The size of your files really has no bearing on the workflow other than setting the bit rate to best fit material onto the disc. Not sure what the reference about Media Encoder means - when I'm done in Premiere, I just use Export Media direct from the timeline.

As for VBR versus CBR encoding, here's my take on it. For videos of about an hour or less, I see no point in using VBR. You can encode the entire contents at the highest, consistent quality, using CBR 8.0. CBR = Constant Bit Rate.

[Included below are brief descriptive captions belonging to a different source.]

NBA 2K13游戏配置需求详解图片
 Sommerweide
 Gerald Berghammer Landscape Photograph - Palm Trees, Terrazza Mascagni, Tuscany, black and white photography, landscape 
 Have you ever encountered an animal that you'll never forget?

Now if you have a two-hour video, for which the average bit rate will need to be about 4.6, you've almost decreased quality by half (twice the compression applied) from the 8.0 setting. What VBR (Variable Bit Rate) will do for you is to apply a higher-than-average bit rate to scenes that could use the quality bump (lots of detail and motion in the scene), and a lower-than-average bit rate to scenes that will look fine with more compression (still image or title screen, scene with little motion). Basically, the amount of compression on each scene is varied to best allocate the available space on the disc to the scenes that need it. Why waste a bunch of space on a screen that is black or otherwise very simple? Let's take that "space" and use it elsewhere as needed.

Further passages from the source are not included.